I am trying to close timing on an Arria 10 Design (A057K2F40I2). I would like to know if some of the problems I am seeing are device limitations, or just tool issues or operator error.
The first concerns setup time to I/O registers. Here is an example, from Chip Planner:
The delay from the pad to the register input exceeds 5 ns (see below).
This seems a bit high to me, but perhaps mediocre I/O cell performance is a limitation of mid-priced FPGAs.
The second problem regards synthesis results, and the effect therof on timing. We have a block of 32-bit registers, which can be accessed via a PCIe endpoint and Avalon shim interface. There are about 100 - 150 registers, and a 14-bit address. The readback mux for the register block is failing setup time by a significant margin. I would expect the mux for each read data bit to be implemented separately, and the resulting combinatorial circuit would have fewer than 200 inputs. With 6-input LUTs, it should be possible to implement that logic in three or four levels. But I am seeing on the order of 30 levels:
I have added a couple of extra clock ticks and am using a multicycle constraint, but I am still seeing a bunch of paths that don't make it.

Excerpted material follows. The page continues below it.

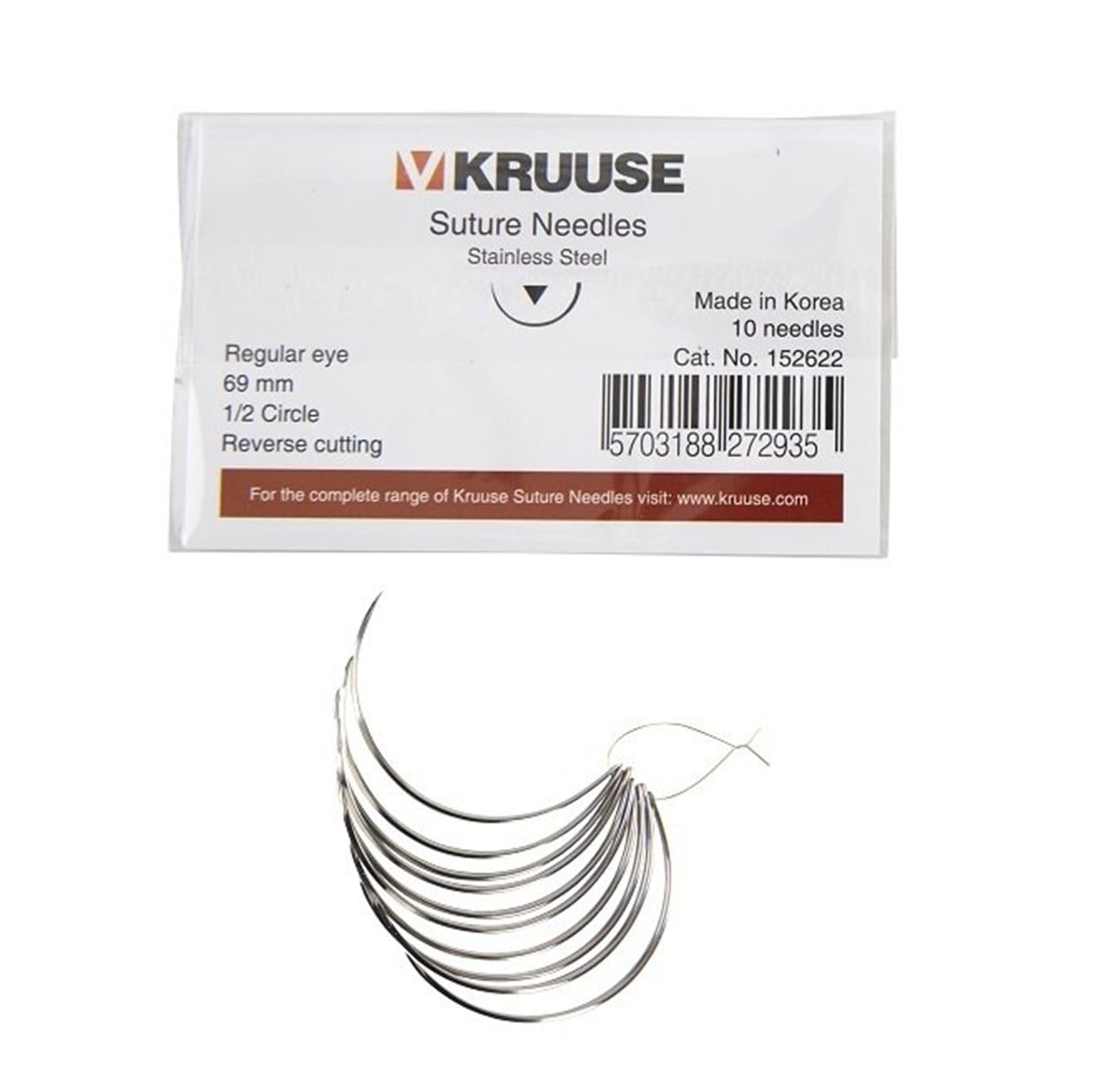 Veteriner Sütür İğnesi. Regular Eye. 1/2. Keskin. 69 mm. 10/pk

Here is the chip planner view for the above mux:
So is this an Arria 10 limitation? I have tried Prime Pro 18.1 and 19.2, as well as Prime Standard 18.2, and I get similar results in each case.
I am sorry, but I am unable to insert or attach image files (not sure if this is some IT problem on my end or what). Regardless, I think there is enough information in my posting to describe the problem, primarily:
- Internal delay in an I/O cell (pad to register input) can be as high as 5 ns
- a combinatorial circuit with ~150 inputs requires 30 levels of 6-input LUTs (not just 30 LUTs, a a timing chain 30 LUTs deep).

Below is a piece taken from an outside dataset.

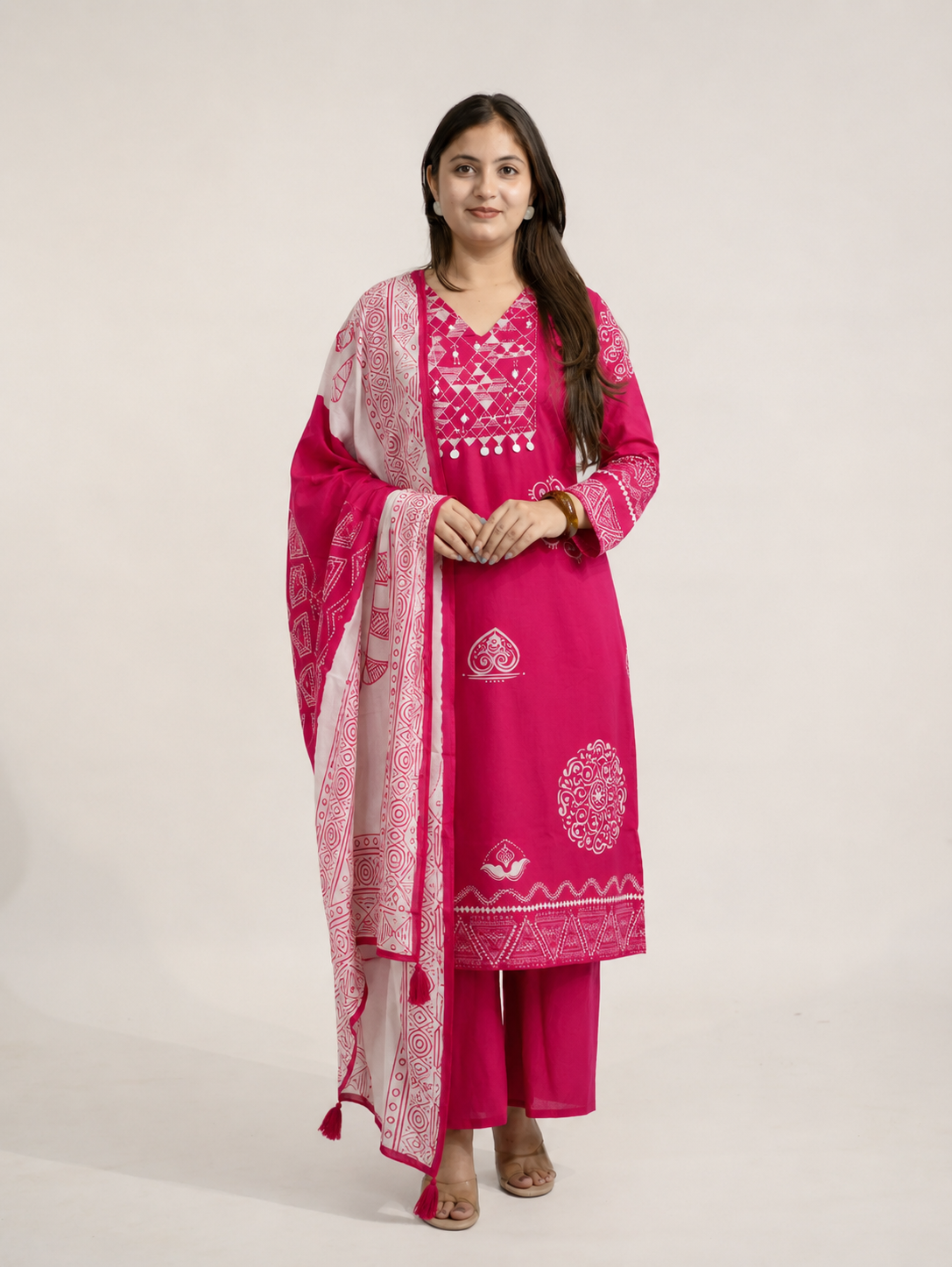 Joshina Pink Crepe HandEmbroidered Pant Set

Can you at least post Timing Analyzer reports on the failing paths, especially the Data Path tab in a detailed report, to see all the resources the failing paths are passing through?
Here is the list of LABs and MLABs for one path. I would post the entire report, but it would not format nicely. To my mind, this is way too many layers for 6-input LUTs.
These are just the locations of the resources the path is going through. I would want to see the node names that correspond to your design. Screenshots from the Timing Analyzer would be easiest or you can save the report as ASCII text.
Well, the node names are mostly machine-generated gibberish, but here they are:
The combinatorial path, in this case is from read_addr to reg_rdbk_data, and the RTL code is a case statement.
I would also need to see the timing numbers. Is there no way you can just post the whole report? And is there a reason why the .sdc can't be posted? That would help a lot.
You will have to explain to me how the timing values, or the .sdc file, will lead to an answer as to why the synthesizer/P&R/fitter tools are implementing this particular bit of code in a way in which it can not possibly make timing, because that is what I need to understand.
There could be an error in your .sdc or things like unnecessary multicycle exceptions that could increase routing delay. Whatever the Fitter does is guided by your timing constraints, so they are the first and most important thing to look at.
In order for the community to help you have to add the archive of your project, it is the easiest way to analyse your issue.
Timing problems are sometimes very complex, and in your case, it could absolutely unreal to help you without additional information from you.
If it is a problem for some reason to attach the whole project, you need to create a simple test version of your project.